YOUR OBJECTIVE :: Every record below must be written out exactly. Leave out the pictures.
ENTRIES SHOWN section start
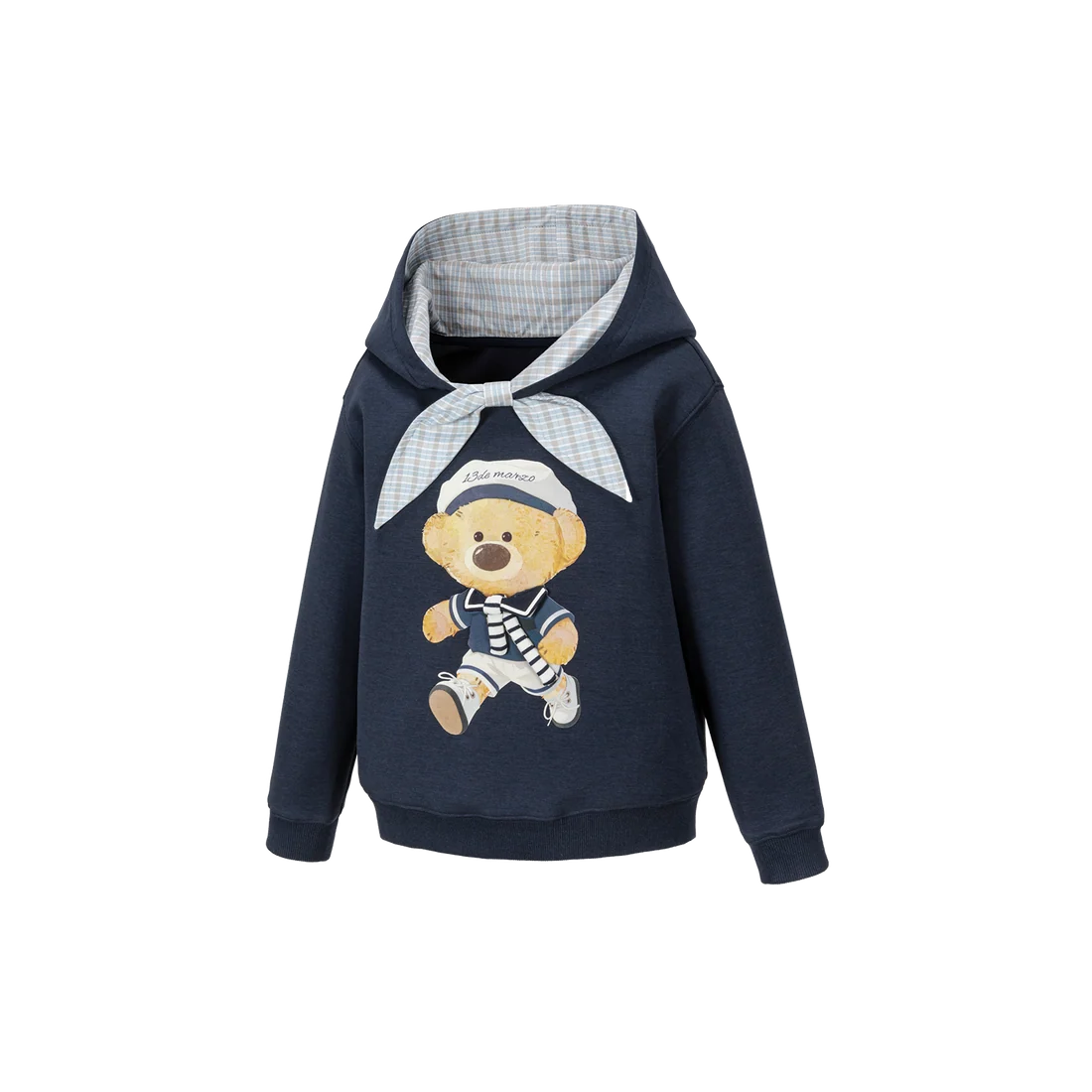 13DE MARZO Babybear Sailor Bear Illustration Hoodie Navy Blue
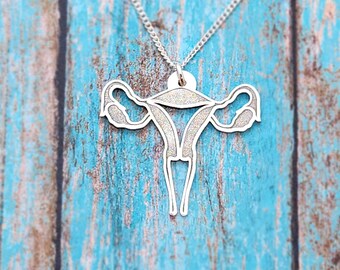 Silver Uterus Necklace, Female Reproductive System, Biology Jewelry, Gynecologist Doctor, Reproductive Pendant, Uterus Charm, Womens Rights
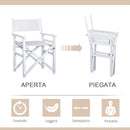 Sedia da Regista Pieghevole in Legno di Faggio 56x46x88 cm  Bianco-4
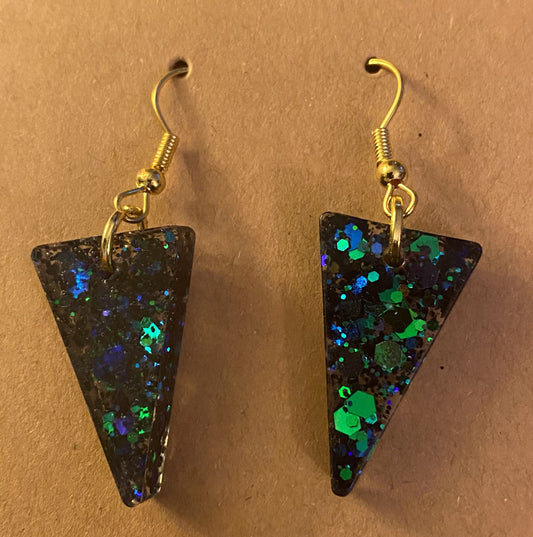 Inverted Triangle Small Earrings - Epoxy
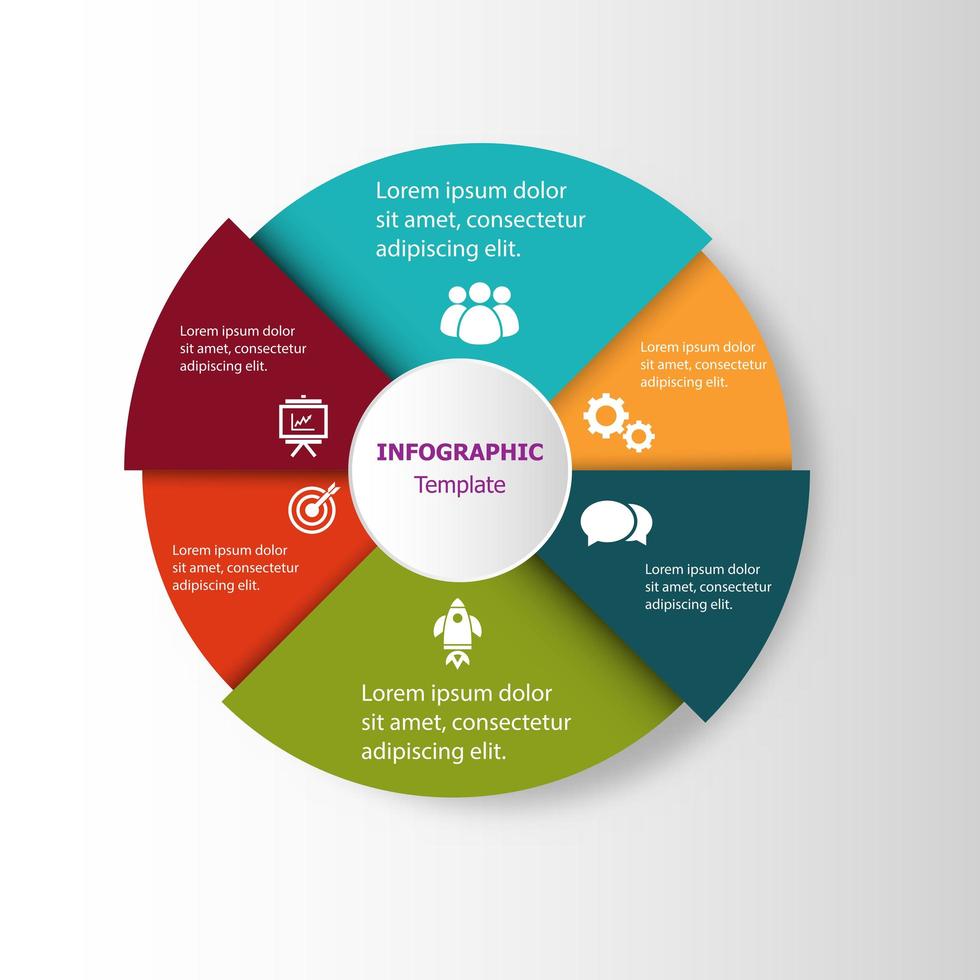 modello di progettazione circolare infografica con 6 passaggi vettore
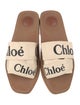 Chloé Printed Leather Trim Embellishment Slides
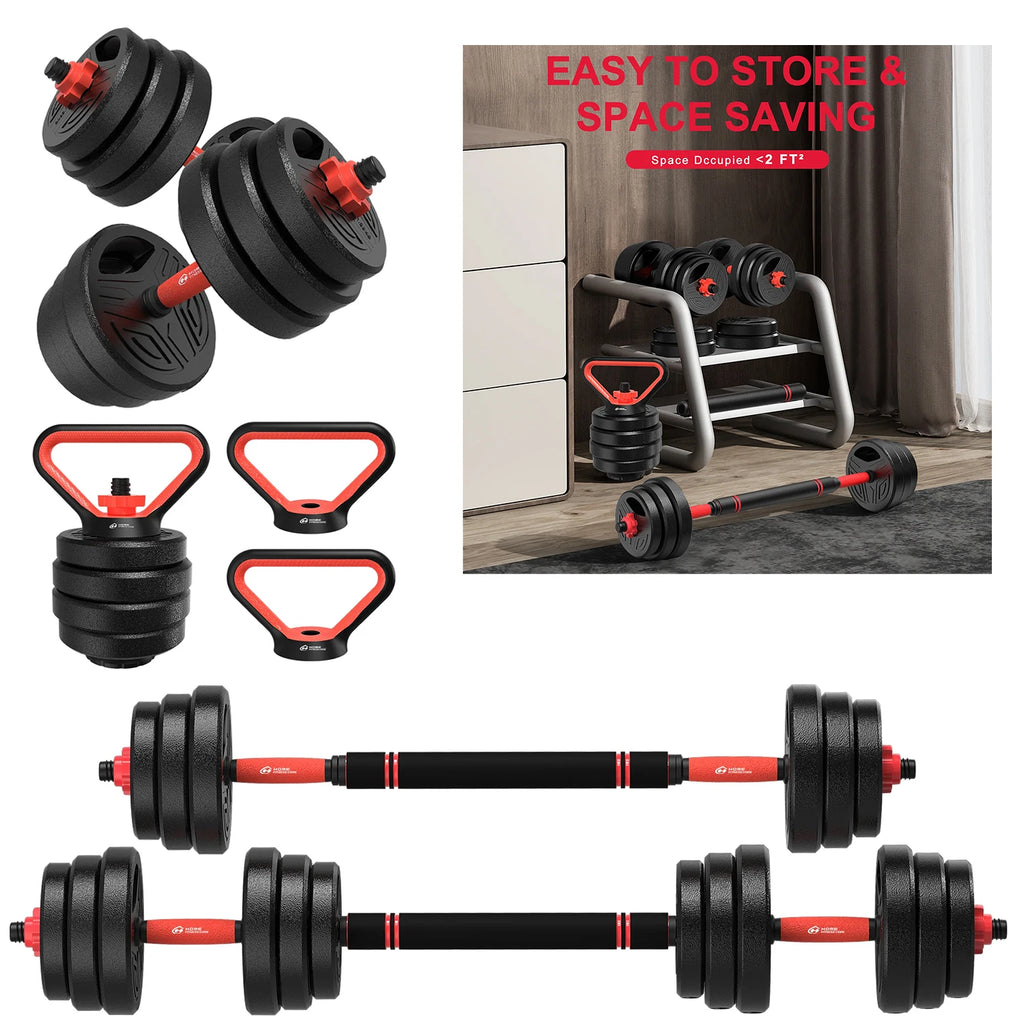 3-in-1 Adjustable Dumbbells Set 20kg – Home Gym Weights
ENTRIES SHOWN section end
ANSWER SPACE ::
 13DE MARZO Babybear Sailor Bear Illustration Hoodie Navy Blue
 Silver Uterus Necklace, Female Reproductive System, Biology Jewelry, Gynecologist Doctor, Reproductive Pendant, Uterus Charm, Womens Rights
 Sedia da Regista Pieghevole in Legno di Faggio 56x46x88 cm  Bianco-4
 Inverted Triangle Small Earrings - Epoxy
 modello di progettazione circolare infografica con 6 passaggi vettore
 Chloé Printed Leather Trim Embellishment Slides
 3-in-1 Adjustable Dumbbells Set 20kg – Home Gym Weights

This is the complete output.